Jimbo,
I accept the appointment as Chief Research Officer, and thank you for
your trust, and for this recognition. Given Anthere's posting here on
positions that were appointed by you before the Board was created:
http://mail.wikimedia.org/pipermail/foundation-l/2005-April/002998.html
.. I would briefly like to ask the rest of the Board to comment on
whether they consider these new official positions to be fully valid,
i.e. "official" official positions that will be listed on the Foundation
website etc. It is my understanding that this appointment reflects an
internal agreement of the Board, but it would be nice to have a
confirmation of that belief.
As for what exactly Chief Research Officer means, I am working on a more
comprehensive proposal for an open (!) Wikimedia Research Team that I
will put on Meta later today, and which includes a definition of this
role. (The Board is familiar with this proposal.) I will state here in
advance that I consider it to be a role that exists *alongside*
development and is in no way intended to interfere with the existing
software development processes.
As Tim correctly notes, it's important that we're not introducing a new
element of authority here, but primarily first points of contact for
certain issues. Beyond that, I think the holders of these official
positions should take a basic *organizational* role in the fields they
are working in, e.g., propose meetings and agendas, though that is
certainly also an open process. I also see it as my role to write
regular reports, and to build bridges between the Board, other
researchers, and the community.
Regarding Sj's earlier arguments, I believe it *is* important that we
have titles like these. Giving people a title is free, and it's a nice
way to show appreciation, especially when we only have 2 elected members
of the community on the Board. It would not be fair to have these two
titles, "Vice President of Wikimedia" (Anthere) and "Executive Secretary
of Wikimedia" (Angela), while delegating all other users to be mere
members of vague "Special Interest Groups" -- this only creates jealousy
and friction, not to mention that it overloads these two members of the
community. More on this in my Research Team proposal.

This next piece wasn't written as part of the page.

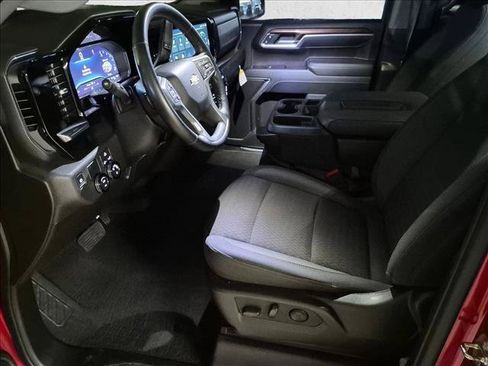 Used 2024 Chevrolet Silverado 1500 LT w/ All Star Edition Plus RWD image 12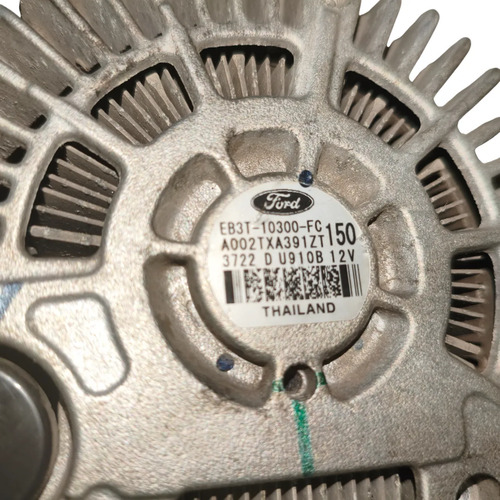Alternador Ford Ranger 2.2 3.2 (05718037) - Imagen 4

All that being said, with the exception of Brion and Chad, Wikimedia is
still just a hobby for all of us, including even the trustees. I
therefore hope it goes without saying that any time commitments I can
give to this may change based on real life requirements. However, I
consider this role more important than anything else I've done within
Wikimedia, and will shift most of my activities towards it.
I personally consider Wikimedia and the principles for which it stands
to be of historical significance. There's more than just the much-cited
peer review issues (which I definitely want to work on), and Wikimedia
is not just Wikipedia. One of my key goals, in fact, is to help these
other ideas to really take off:
* to create and distribute free and reliable learning resources on any
topic (Wikibooks)
* to build a neutral and open news source with citizen reporters around
the planet (Wikinews)
* to digitize and translate source texts into as many languages as
possible (Wikisource)
* to define every word in every language (including sign languages) and
to make these free dictionaries easy to search, download, use and
interface with (Wiktionary)
* to build the world's largest repository of useful and free media
content, to harness the creative energy of millions to create original
videos, photos and artwork for our projects, and to make the whole thing
easy to search and use (Wikimedia Commons)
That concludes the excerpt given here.